Hi, whoever experiences a similar problem, please find below the description of it and the procedure to "solve" it. Until it is fixed in the core, the below procedures are just a workaround but probably will let you keep the proper size of the disk.
Let me thank here Ken Task and Visvanath Ratnaweera for their initial guidance.
The below, I did with the full help of AI, just don't want me taking any credit.

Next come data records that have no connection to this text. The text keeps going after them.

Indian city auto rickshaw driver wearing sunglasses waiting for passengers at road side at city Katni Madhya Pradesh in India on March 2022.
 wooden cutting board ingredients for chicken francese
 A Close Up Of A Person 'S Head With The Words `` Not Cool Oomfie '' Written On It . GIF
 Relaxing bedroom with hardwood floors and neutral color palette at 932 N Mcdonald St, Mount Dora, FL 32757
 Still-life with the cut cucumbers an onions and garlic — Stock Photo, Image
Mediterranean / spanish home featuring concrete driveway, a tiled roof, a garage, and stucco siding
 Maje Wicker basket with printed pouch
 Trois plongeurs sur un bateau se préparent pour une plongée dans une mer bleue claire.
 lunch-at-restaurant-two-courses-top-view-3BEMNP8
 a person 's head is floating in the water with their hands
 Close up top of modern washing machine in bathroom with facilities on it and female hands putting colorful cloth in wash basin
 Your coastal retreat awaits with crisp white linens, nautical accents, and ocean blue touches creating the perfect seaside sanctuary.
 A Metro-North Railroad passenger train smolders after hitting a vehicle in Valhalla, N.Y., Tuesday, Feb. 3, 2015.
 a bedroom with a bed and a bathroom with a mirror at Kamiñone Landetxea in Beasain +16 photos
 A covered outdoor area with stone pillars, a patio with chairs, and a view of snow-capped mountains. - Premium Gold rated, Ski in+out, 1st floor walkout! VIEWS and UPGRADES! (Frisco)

Moodle: Massive Disk Growth Caused by Orphaned H5P Export Files
Summary
A Moodle installation (version 4.5, released October 2024) has been experiencing significant and unexpected disk growth in the `moodledata/filedir` directory over the past year. Investigation revealed that the primary cause is a large accumulation of orphaned H5P export files that are never cleaned up automatically.
---
Background: How Moodle Stores Files
Moodle stores all files in a content-addressable storage system under `moodledata/filedir`. Each file is stored once on disk, named by its SHA1 hash of the content. Multiple database records in `mdl_files` can reference the same physical file via `contenthash` — this is Moodle's built-in deduplication mechanism.
---
How H5P Export Files Are Generated
When an H5P activity is viewed for the first time, Moodle automatically generates an export `.h5p` file (a ZIP package) and stores it in `mdl_files` with:
- `component = core_h5p`
- `filearea = export`
- `contextlevel = 10` (system context)
This export file is generated once and cached. It is not regenerated on subsequent views unless the cache is cleared. This behavior is by design and functions correctly.
---
The Problem: Orphaned Export Files Never Deleted
When an H5P activity is deleted from a course, Moodle removes the activity record and its associated entries from `mdl_h5p` — but **does not delete the corresponding export file** from `mdl_files` or from disk.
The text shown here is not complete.